# Two sample $t$ test: sampling distribution of the $t$ statistic

Definition of the sampling distribution of the $t$ statistic

## Sampling distribution of $t$:

As you may know, when we perform a two sample $t$ test (not assuming equal population variances), we compute the $t$ statistic $$t = \dfrac{\bar{y}_1 - \bar{y}_2}{\sqrt{\dfrac{s^2_1}{n_1} + \dfrac{s^2_2}{n_2}}}$$ based on our group 1 and group 2 samples. Now suppose that we would draw many more samples. Specifically, suppose that we would draw an infinite number of group 1 and group 2 samples, each time of size $n_1$ and $n_2$. Each time we have a group 1 and group 2 sample, we could compute the $t$ statistic $t = \frac{\bar{y}_1 - \bar{y}_2}{\sqrt{\frac{s^2_1}{n_1} + \frac{s^2_2}{n_2}}}$. Different samples will give different $t$ values. The distribution of all these $t$ values is the sampling distribution of $t$. Note that this sampling distribution is purely hypothetical. We will never really draw an infinite number of samples, but hypothetically, we could.

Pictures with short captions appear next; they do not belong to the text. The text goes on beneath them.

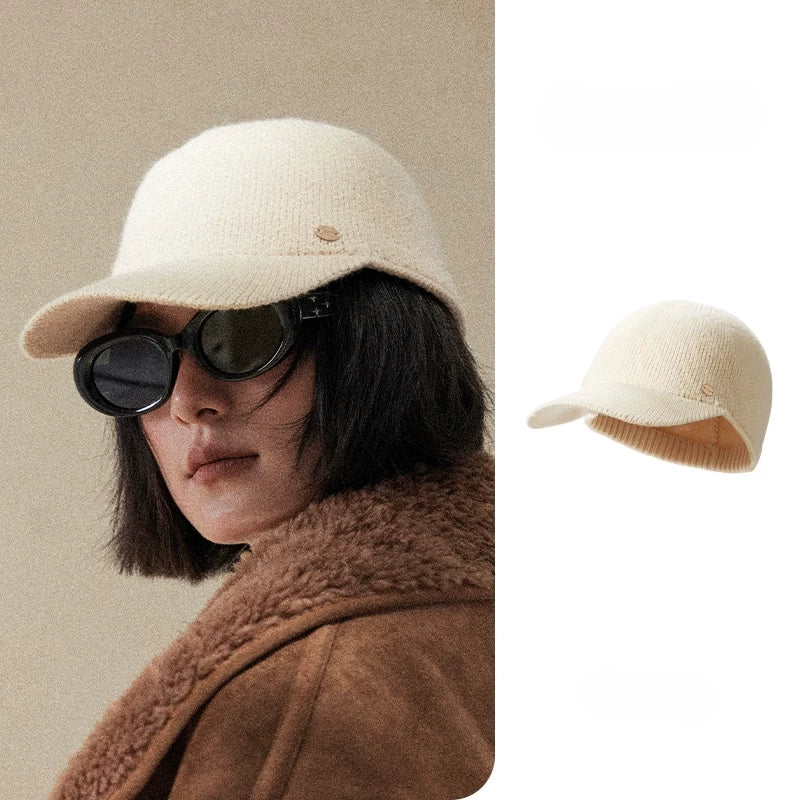 Knitted Baseball Cap for Women | Multiple Colors - OESLO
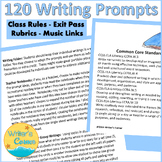 Writing Fluency - 120 Creative Writing Prompts, Graphic Or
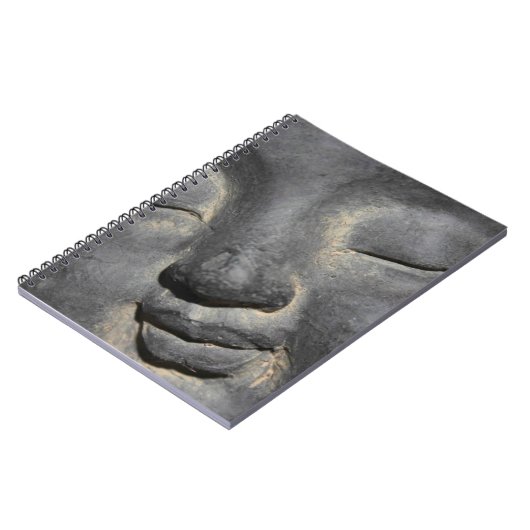 Gentle Buddha Face Stone Sculpture Notitieboek (Linkerzijde)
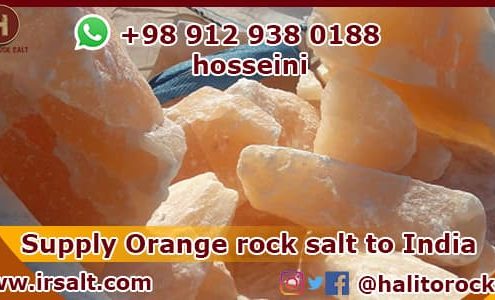 iran orange rock salt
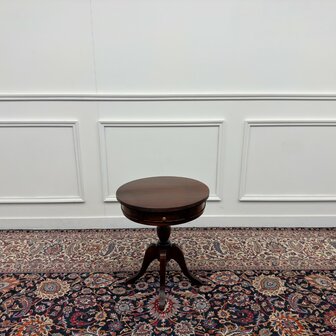 Klassiek-Engels-Antiek-Oud-Vintage-Chesterfield-Sidetable-Side-Table-Bijzettafel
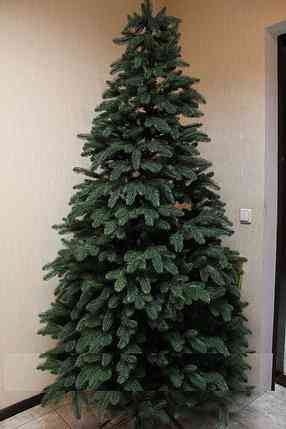 Искусственная пушистая елка Премиум (высота 3.50 м) литая (Зеленая) Киев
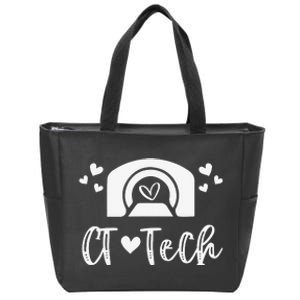 CT Technologist Computed Tomography CT Scan Tech Radiology Zip Tote Bag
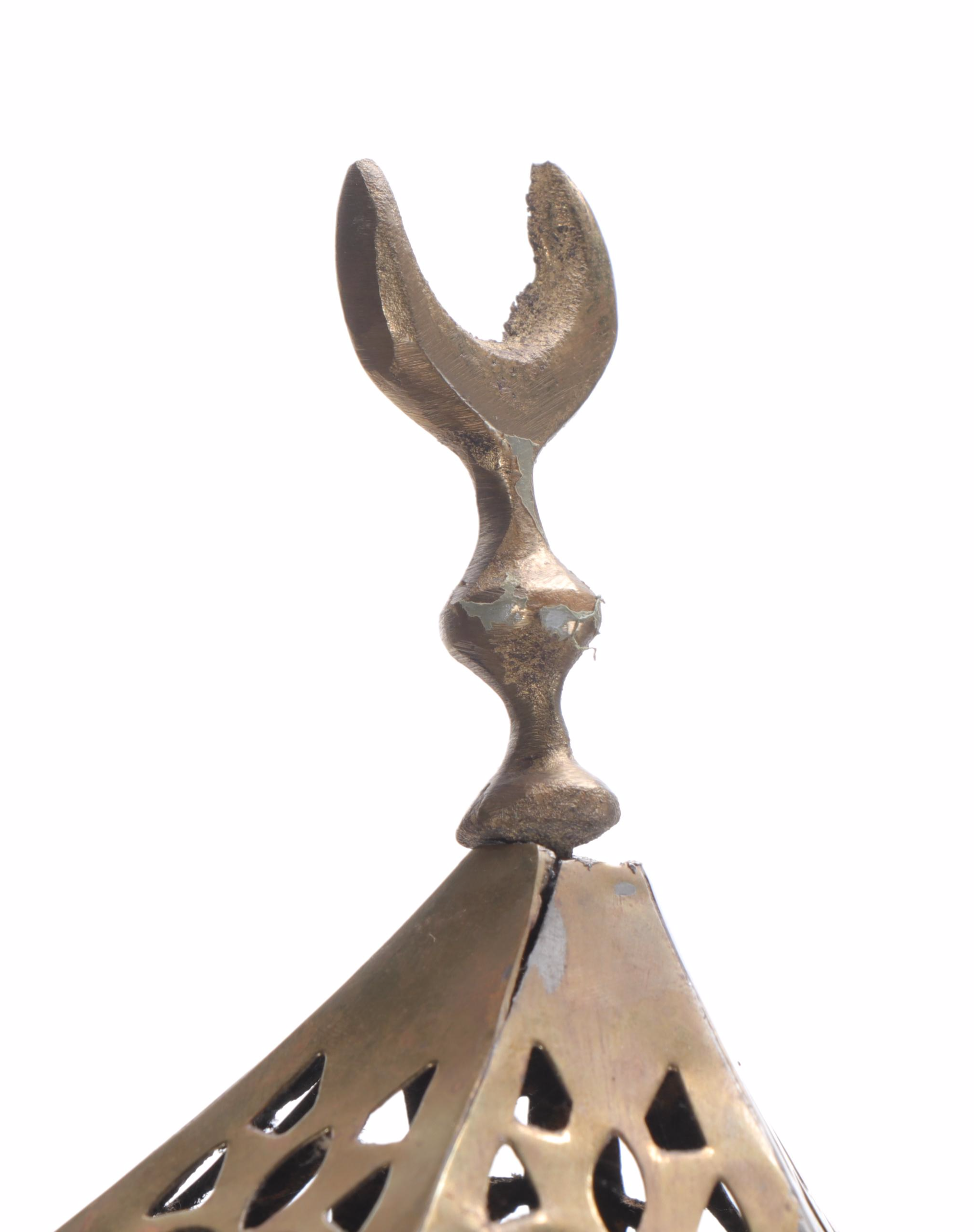 Moroccan Style Pierced Brass Swag Lamps EBTH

## Sampling distribution of $t$ if H0 were true:

Suppose that the assumptions of the two sample $t$ test hold, and that the null hypothesis that $\mu_1 = \mu_2$ is true. Then the sampling distribution of $t$ is approximately the $t$ distribution with $k$ degrees of freedom (see the overview overview for possible values of $k$). That is, most of the time we would find $t$ values close to 0, and only sometimes we would find $t$ values further away from 0. If we find a $t$ value in our actual sample that is far away from 0, this is a rare event if the null hypothesis were true, and is therefore considered evidence against the null hypothesis ($t$ value in rejection region, small $p$ value).